Still, there's every reason to be hopeful that Alvarez and McCutchen, especially, will live up to their billing and be legitimate cornerstones. They and all the young players will gain valuable experience this season, and even if they take their lumps and lose a lot, they will learn the game at that level, learn how to make adjustments and be better off for the long haul.
The Pirates have a good plan in place, and it is working. That's right - it is working.
The organization has done a terrific job the past few years of scouting young talent, building through the draft and developing minor leaguers. The front office deserves credit for many moves that have yet to pay off at the major league level.
As long as they stick to the plan - and the prospects pan out - this albatross of a losing streak could end as early as 2012.

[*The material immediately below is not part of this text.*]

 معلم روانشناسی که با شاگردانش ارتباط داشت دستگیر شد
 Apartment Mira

The issue is not the plan. The issue is the same thing that it has been for nearly two decades with the payroll-deprived Pirates.

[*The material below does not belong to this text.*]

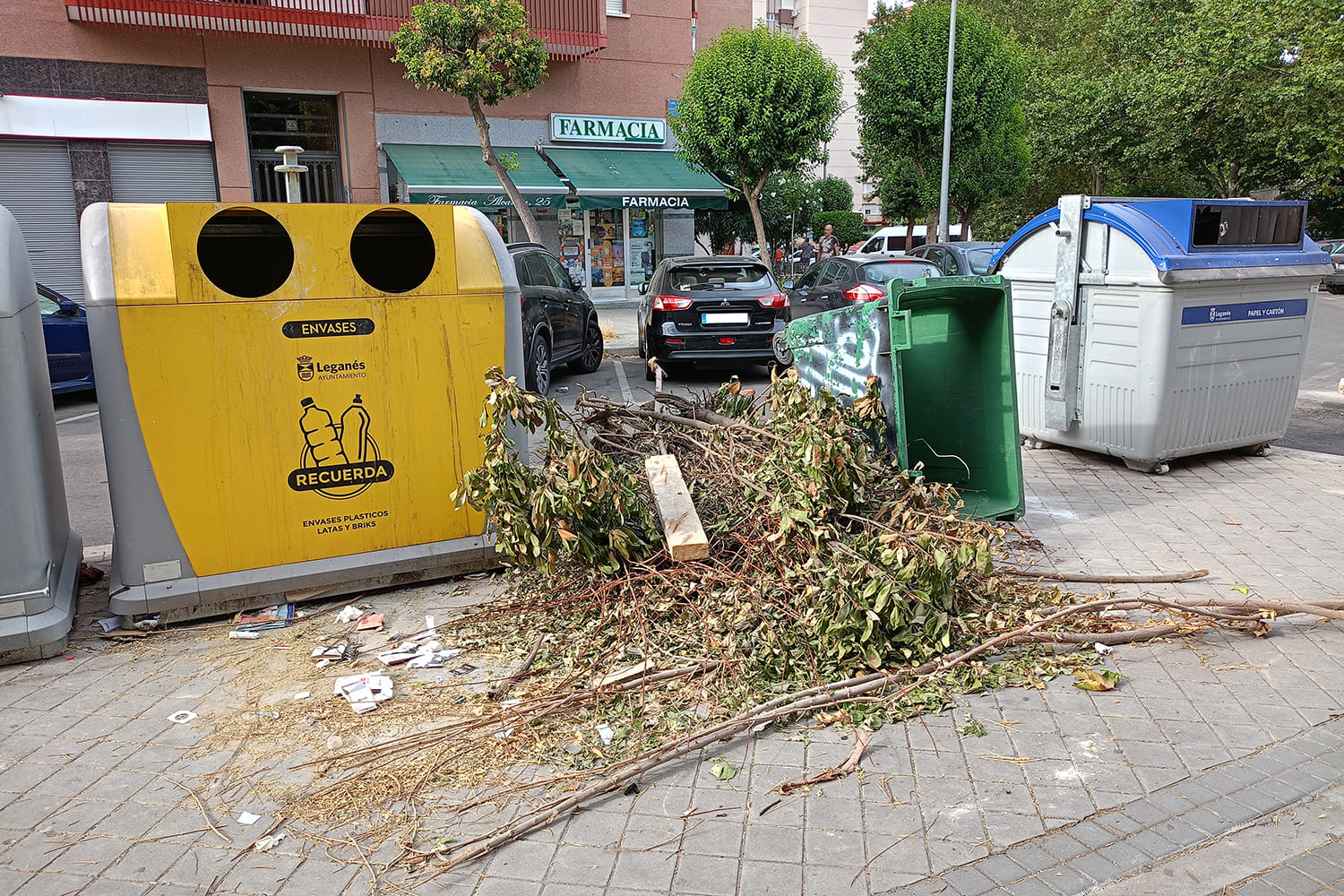 contenedores y basura en una calle de Leganés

They simply cannot make a big mistake at the major league level. Not one.
This year they made three:
1. They stuck with pitcher Charlie Morton way too long, and he was flat out awful (1-9, 9.35 ERA).
2. They gave the first base job to Jeff Clement, who didn't earn it, didn't deserve it and didn't hit at all (.189).
3. They wasted nearly $5 million on second baseman Aki Iwamura, the team's highest-paid player who hit .182.
General manager Neal Huntington has overseen a massive overhaul throughout the organization, and he gets kudos for helping develop the grand plan. Credit also goes to farm director Kyle Stark and his staff as they have done an outstanding job.
The problem has come with bad decisions at the major league level, and the blame there falls on Huntington.
The plan can work to perfection from draft day until the day every home-grown player reaches the major leagues. But all of that hard work and dedication will go for naught every time a glaring mistake like Iwamura or Morton is made.
The Yankees can afford those kinds of flops. The Pirates can't.
Huntington, who's in the final year of his contract, should have learned some hard lessons by now, and if he returns he should be the wiser for each and every future transaction.
For the Pirates to restore the pride and passion - as their slogan constantly reminds us - they must stay true to their plan.
But if they keep making one or two big personnel mistakes every year, even bright young stars like Alvarez and McCutchen won't be able to end the losing ways.